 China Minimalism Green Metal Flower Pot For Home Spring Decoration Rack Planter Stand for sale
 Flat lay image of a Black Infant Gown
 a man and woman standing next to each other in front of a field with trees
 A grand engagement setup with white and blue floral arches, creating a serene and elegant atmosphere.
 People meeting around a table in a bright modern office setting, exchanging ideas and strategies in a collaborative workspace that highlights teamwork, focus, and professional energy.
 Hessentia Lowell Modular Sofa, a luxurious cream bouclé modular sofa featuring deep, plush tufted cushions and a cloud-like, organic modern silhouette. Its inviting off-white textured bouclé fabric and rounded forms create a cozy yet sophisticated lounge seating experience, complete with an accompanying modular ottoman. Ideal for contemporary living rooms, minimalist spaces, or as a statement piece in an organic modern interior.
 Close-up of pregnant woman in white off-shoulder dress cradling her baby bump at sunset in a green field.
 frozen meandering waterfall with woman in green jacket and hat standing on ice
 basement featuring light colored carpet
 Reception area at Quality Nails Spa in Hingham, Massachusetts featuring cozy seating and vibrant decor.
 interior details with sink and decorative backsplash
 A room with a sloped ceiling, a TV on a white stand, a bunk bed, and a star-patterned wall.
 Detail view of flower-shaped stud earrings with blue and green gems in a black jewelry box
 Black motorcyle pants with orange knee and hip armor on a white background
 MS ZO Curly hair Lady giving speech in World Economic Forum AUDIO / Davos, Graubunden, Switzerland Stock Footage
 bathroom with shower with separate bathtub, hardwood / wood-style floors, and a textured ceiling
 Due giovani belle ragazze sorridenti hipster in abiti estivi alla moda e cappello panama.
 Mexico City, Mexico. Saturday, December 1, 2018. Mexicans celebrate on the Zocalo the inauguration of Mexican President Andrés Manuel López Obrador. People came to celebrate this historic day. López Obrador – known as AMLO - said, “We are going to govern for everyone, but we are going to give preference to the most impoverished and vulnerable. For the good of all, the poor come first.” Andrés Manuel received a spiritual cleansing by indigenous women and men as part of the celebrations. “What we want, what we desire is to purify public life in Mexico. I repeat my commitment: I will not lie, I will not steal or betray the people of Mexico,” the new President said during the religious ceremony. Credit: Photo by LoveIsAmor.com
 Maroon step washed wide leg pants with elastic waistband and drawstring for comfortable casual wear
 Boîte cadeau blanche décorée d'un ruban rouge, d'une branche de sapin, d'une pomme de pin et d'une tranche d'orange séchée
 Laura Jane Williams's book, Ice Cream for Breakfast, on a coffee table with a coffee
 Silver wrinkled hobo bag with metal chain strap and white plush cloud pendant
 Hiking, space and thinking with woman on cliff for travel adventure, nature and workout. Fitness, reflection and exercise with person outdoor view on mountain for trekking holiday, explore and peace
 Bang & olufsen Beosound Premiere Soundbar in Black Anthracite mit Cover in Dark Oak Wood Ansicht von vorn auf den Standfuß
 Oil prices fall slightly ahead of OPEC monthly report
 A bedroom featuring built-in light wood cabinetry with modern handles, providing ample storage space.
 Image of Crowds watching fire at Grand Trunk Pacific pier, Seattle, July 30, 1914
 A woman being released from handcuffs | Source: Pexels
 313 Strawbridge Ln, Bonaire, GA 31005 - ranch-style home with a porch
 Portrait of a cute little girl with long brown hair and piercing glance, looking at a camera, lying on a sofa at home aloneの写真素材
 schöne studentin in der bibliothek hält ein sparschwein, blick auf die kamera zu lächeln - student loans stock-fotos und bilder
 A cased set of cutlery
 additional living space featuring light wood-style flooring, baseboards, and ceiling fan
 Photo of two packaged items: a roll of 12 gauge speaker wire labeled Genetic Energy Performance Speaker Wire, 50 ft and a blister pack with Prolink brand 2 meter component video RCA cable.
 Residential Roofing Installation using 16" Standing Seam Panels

● ● ●

Work order – From the data above, output exactly the lines between the one containing "Flat lay image of a Black Infant Gown" and the one containing "frozen meandering waterfall", counting both of them.

Task result –
 Flat lay image of a Black Infant Gown
 a man and woman standing next to each other in front of a field with trees
 A grand engagement setup with white and blue floral arches, creating a serene and elegant atmosphere.
 People meeting around a table in a bright modern office setting, exchanging ideas and strategies in a collaborative workspace that highlights teamwork, focus, and professional energy.
 Hessentia Lowell Modular Sofa, a luxurious cream bouclé modular sofa featuring deep, plush tufted cushions and a cloud-like, organic modern silhouette. Its inviting off-white textured bouclé fabric and rounded forms create a cozy yet sophisticated lounge seating experience, complete with an accompanying modular ottoman. Ideal for contemporary living rooms, minimalist spaces, or as a statement piece in an organic modern interior.
 Close-up of pregnant woman in white off-shoulder dress cradling her baby bump at sunset in a green field.
 frozen meandering waterfall with woman in green jacket and hat standing on ice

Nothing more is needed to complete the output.